— HOW TO COMPLETE THIS TASK —
Line by line, return the listing exactly, without any of the images.

— SOURCE MATERIAL —
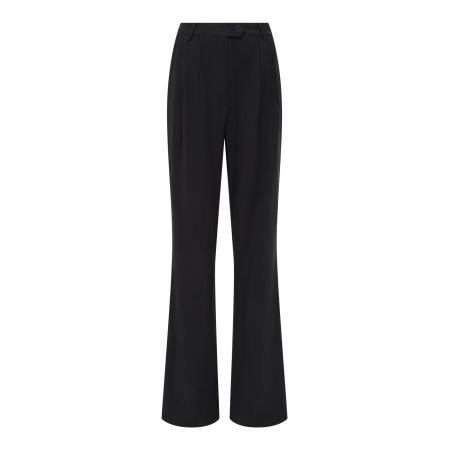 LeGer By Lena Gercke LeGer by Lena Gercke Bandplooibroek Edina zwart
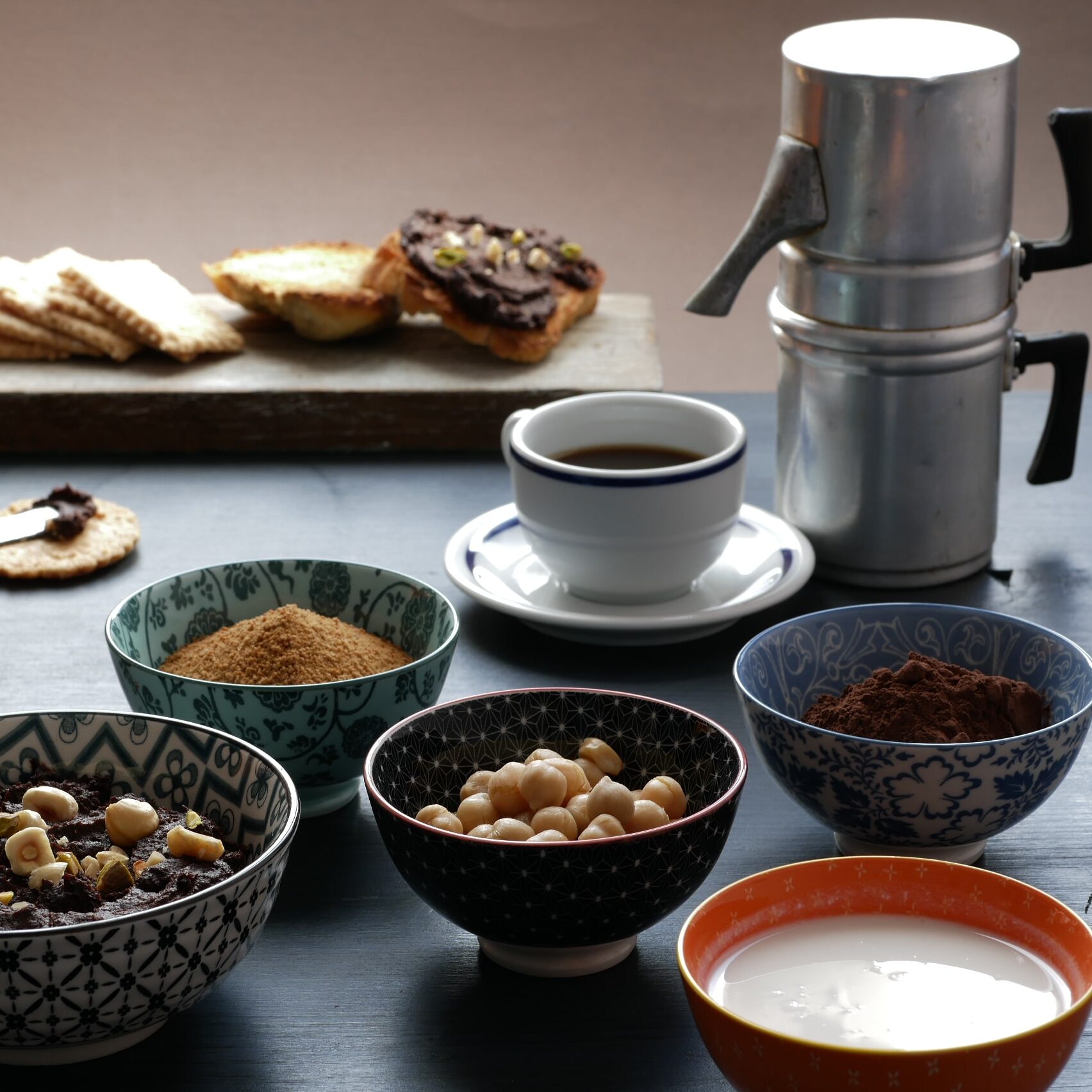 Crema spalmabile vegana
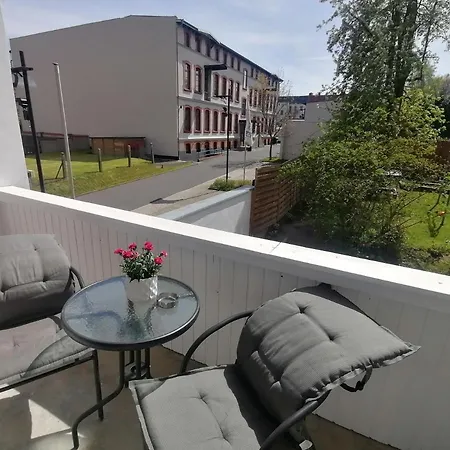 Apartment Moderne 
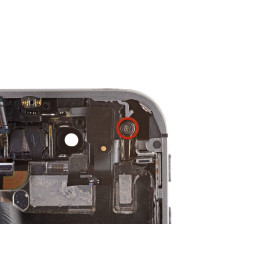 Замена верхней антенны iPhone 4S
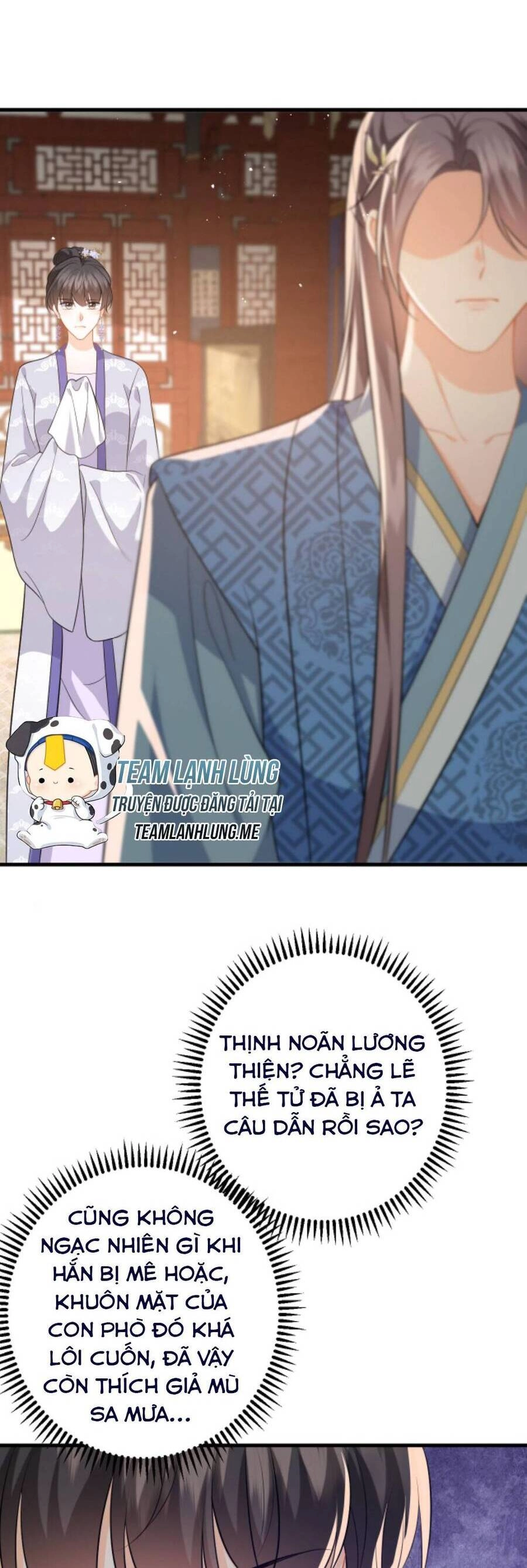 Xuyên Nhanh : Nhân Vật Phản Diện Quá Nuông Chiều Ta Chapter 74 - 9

— SOLUTION —
 LeGer By Lena Gercke LeGer by Lena Gercke Bandplooibroek Edina zwart
 Crema spalmabile vegana
 Apartment Moderne 
 Замена верхней антенны iPhone 4S
 Xuyên Nhanh : Nhân Vật Phản Diện Quá Nuông Chiều Ta Chapter 74 - 9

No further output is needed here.